§ **Input material**:
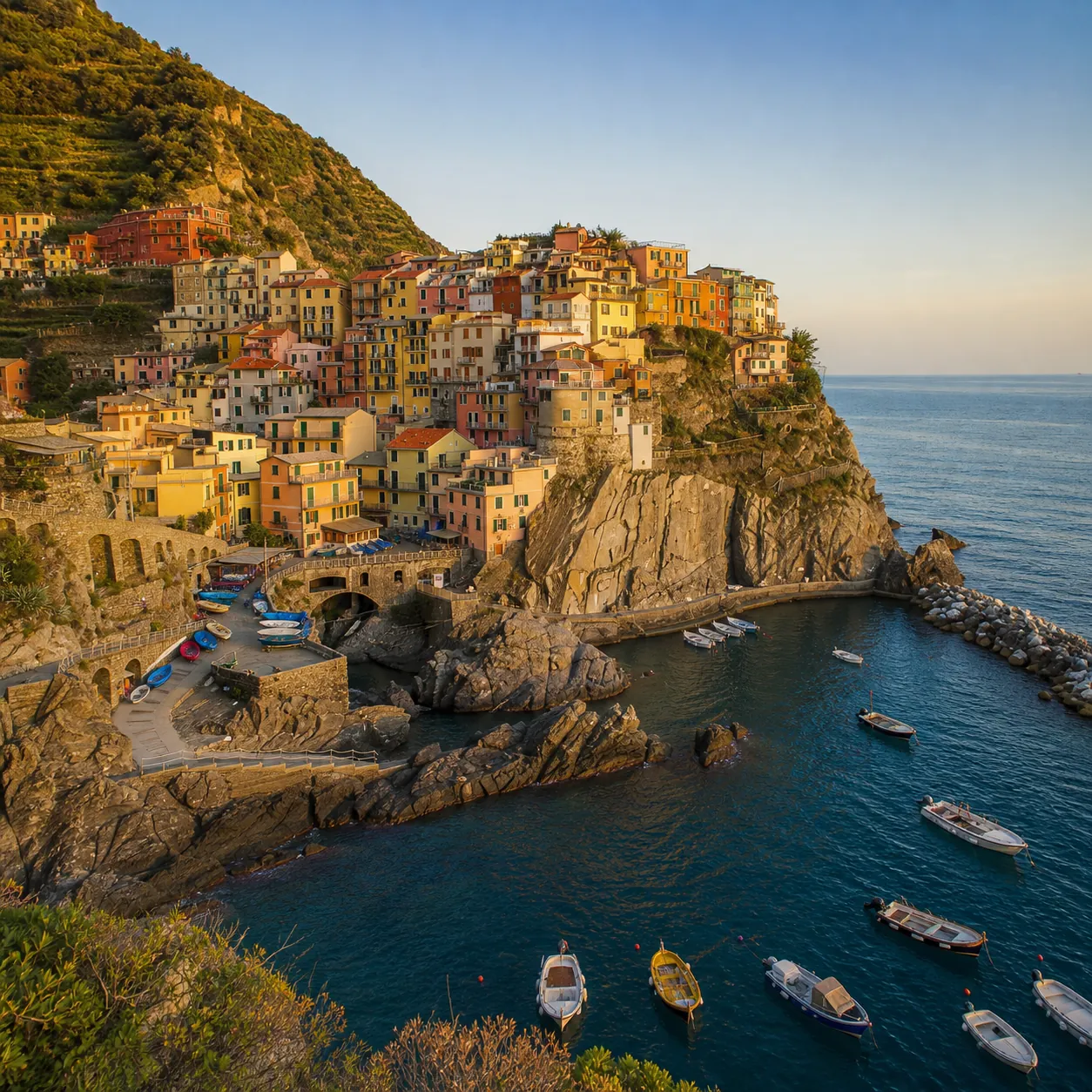 Illustration: Cinque Terre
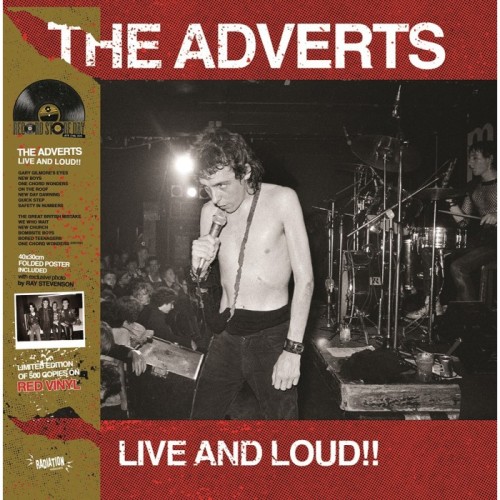 The Adverts - Live & Loud!! (Red Vinyl)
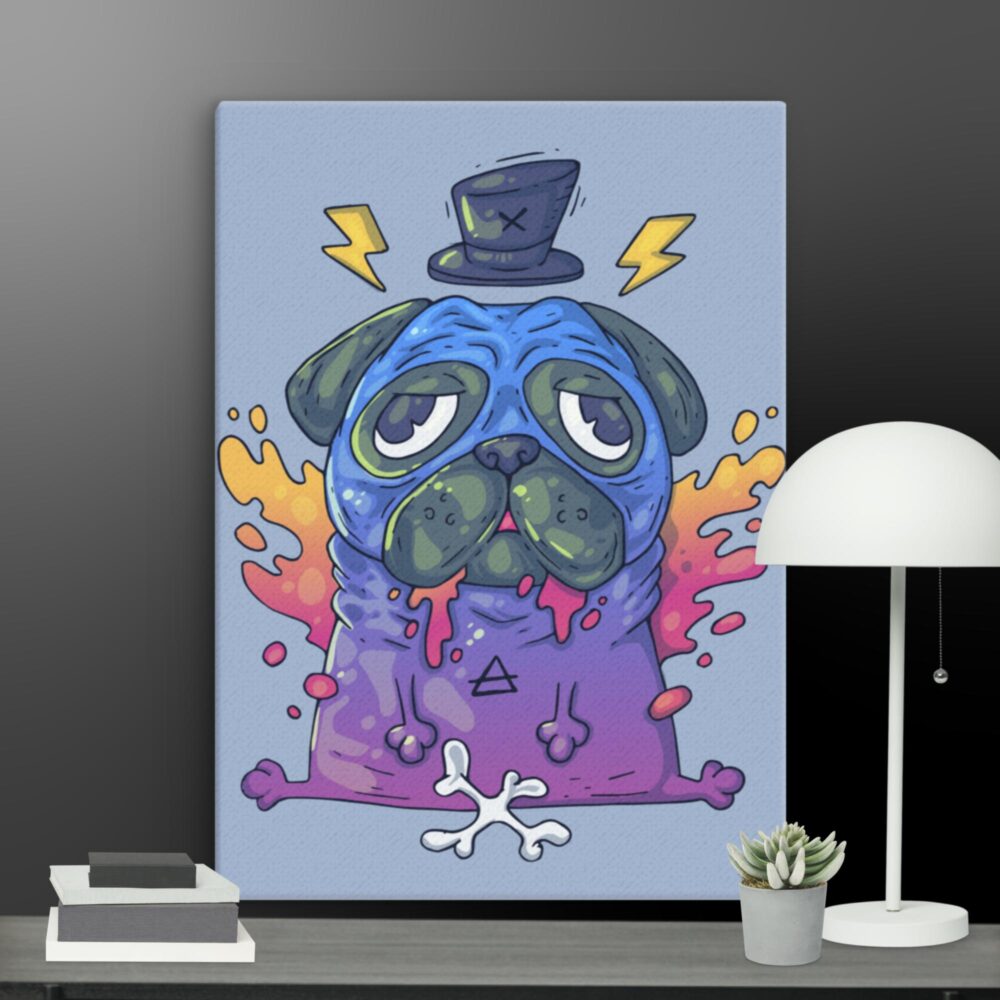 Pug Magician canvas - Image 9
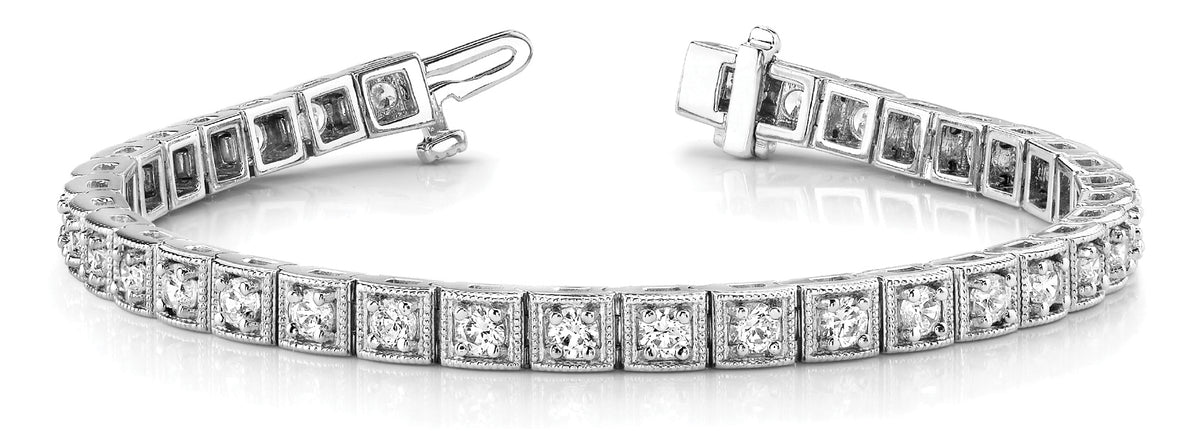Lab Diamond Vintage Gold Bracelet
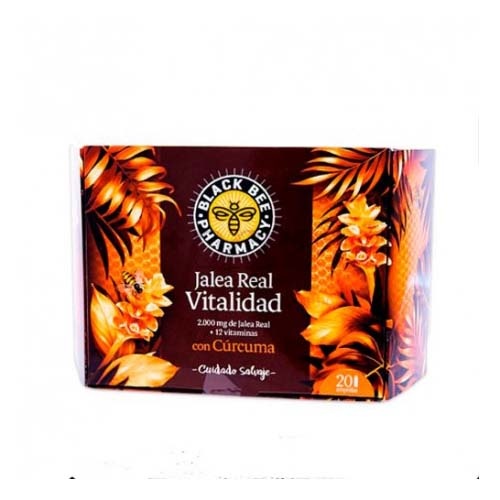 Black bee jalea real vitalidad con curcuma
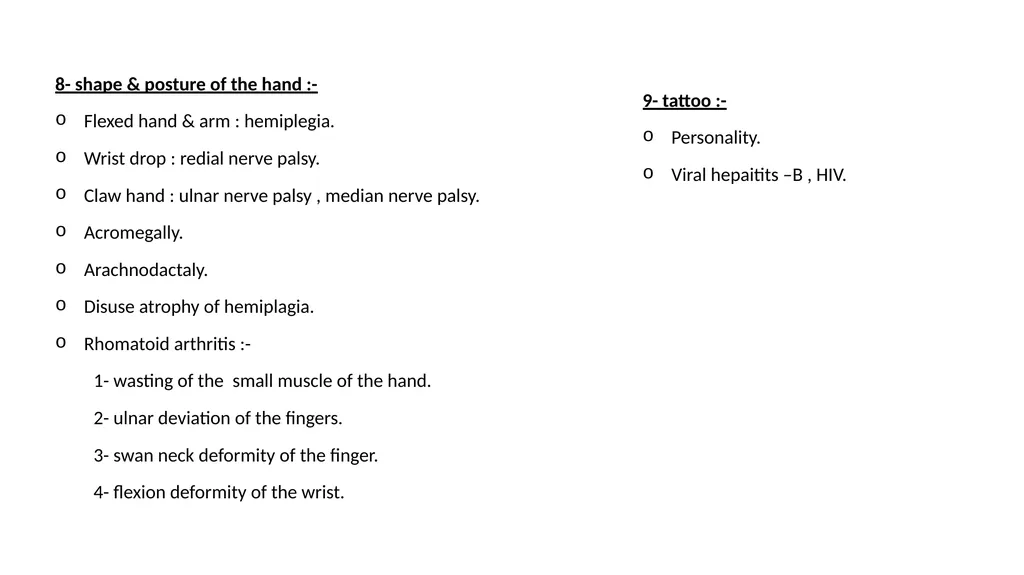 Clinical examination Introduction Examine as many - slide 14 of 14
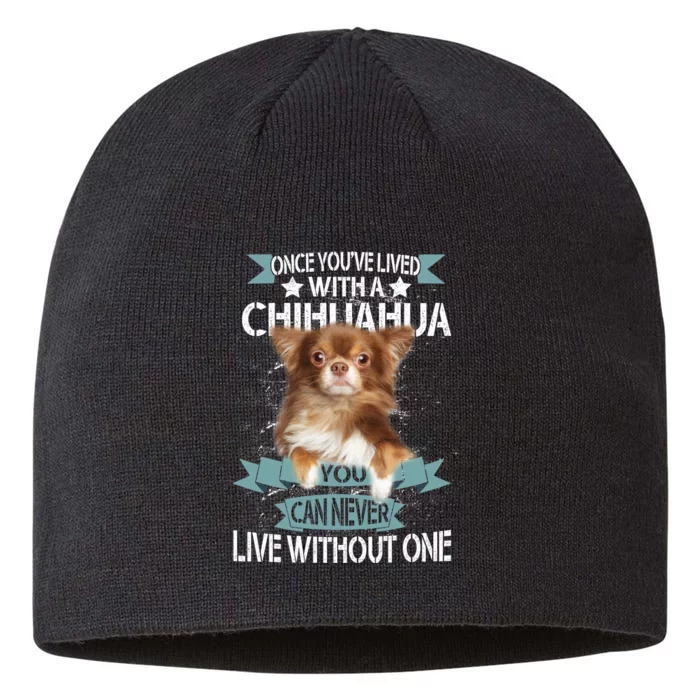 Can't Live Without A Chihuahua 8 1/2in Sustainable Knit Beanie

§ **What the exercise asks**:
From the line holding "Pug Magician canvas - Image 9" to the last line of the listing, please output each line exactly as it stands. Pictures stay out of the copy.

§ **Response to this task**:
 Pug Magician canvas - Image 9
Lab Diamond Vintage Gold Bracelet
 Black bee jalea real vitalidad con curcuma
 Clinical examination Introduction Examine as many - slide 14 of 14
 Can't Live Without A Chihuahua 8 1/2in Sustainable Knit Beanie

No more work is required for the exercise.